Hallo Freunde der bunten Buchstaben!

Ihr habt euch entschieden und haltet ein Printmagazin namens „Übersteiger“ in den Händen. Wir haben unser allerbestes gegeben und wieder im Umfeld des magischen FC recherchiert, zusammengetragen und -geschrieben, um euch damit für die fußballfreie Sommerpause zu rüsten. 

Euch erwarten Artikel rund um das Leitthema Inklusion. Was ist das überhaupt? Kurzpass klärt euch auf. Rolliplätze im Stadion vorhalten langt da nicht – nur so viel vorweg. Inklusion ist außerdem nicht gleich Integration und selbst die läuft ja in Deutschland vielerorts nur schleppend. Wir fangen in unserem Mikrokosmos an und haben geschaut, wo es beim FCSP schon gut läuft und wo Verbesserungsbedarf herrscht. Wie so vieles, fängt auch Inklusion im Kopf an.

Katja und Michael Löffler von der Blindenfußballabteilung gewähren einen Einblick in die tägliche Arbeit und Probleme. Slarti sprach mit DEAF, einem gehörlosen Fanclub des FCSP und außerdem konnten wir von Jörn Weidlich, dem Behindertenbeauftragten beim FC St. Pauli, ein paar spannende Statements bekommen. Über den Tellerrand schauen wir mit Robin Polzin, dem Trainer der Inklusionsmannschaft des SC Concordia. 
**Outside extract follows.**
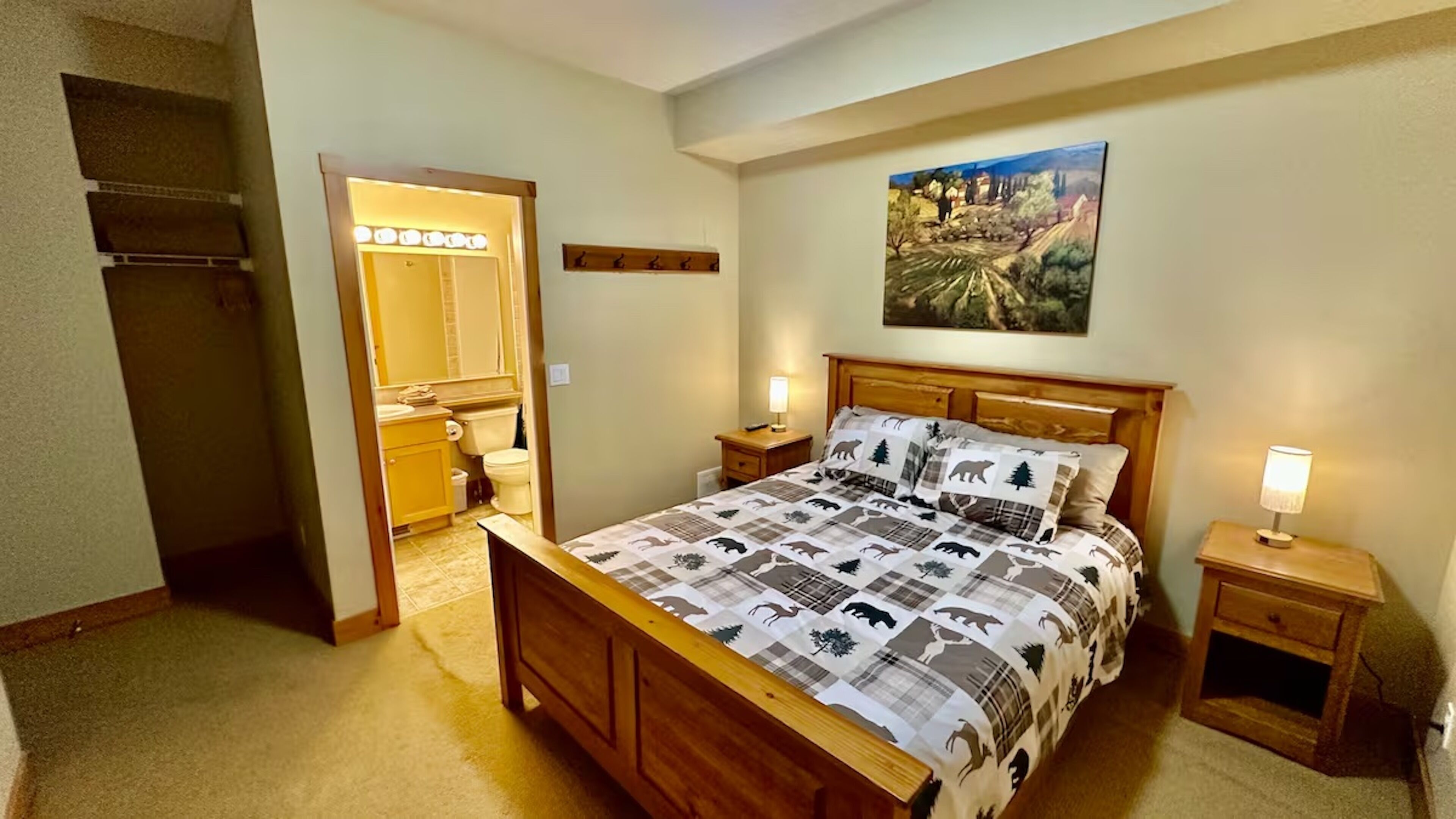 2 chambres, fer et planche à repasser, Wi-Fi, draps fournis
Auch noch ins Heft geschafft haben es der zweite Teil der Trilogie zum FC Lampedusa, Timbos Taktikschule, das Fußball-Flüchtlingsprojekt von Yorkshire St. Pauli, eine wunderschön magische Player’s Corner von Philipp Heerwagen, Edelfan Nico undundund.

„Ja, Du meine Güte nochmal! Das Ding ist ja prallgefüllt! Passten denn da noch die Standardrubriken rein?“ – Na sicherlich! Paadie-Seite, NvdA, Döntjes, Rezis, etc. erwarten euch wie immer mit schlechten Gags und kurzweiligen Texten – bunte Bilder inklusive! Den guten Lacher bewahren wir wie immer für Guido auf der letzten Seite auf.
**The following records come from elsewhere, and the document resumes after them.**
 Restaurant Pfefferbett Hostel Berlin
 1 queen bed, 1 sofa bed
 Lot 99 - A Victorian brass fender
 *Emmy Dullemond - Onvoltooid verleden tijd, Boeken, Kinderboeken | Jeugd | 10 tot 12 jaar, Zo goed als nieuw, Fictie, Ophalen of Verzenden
Die stürmische Saison findet nächste Woche in Bochum ihr Ende und wer nicht in hässlichen Trikots den Sonderzug betritt, kann das Spiel im gewohnten Umfeld genießen und schon mal im Übersteiger oder den anderen Fanzines rund um St. Pauli schmökern. An dieser Stelle einen verspäteten Glückwunsch an den Kiezkieker zur 100!

Also, viel Spaß in der Sommerpause, immer schön eincremen und lasst euch nicht vom Confed-Cup ärgern. Es gibt wirklich wichtigeres zu tun.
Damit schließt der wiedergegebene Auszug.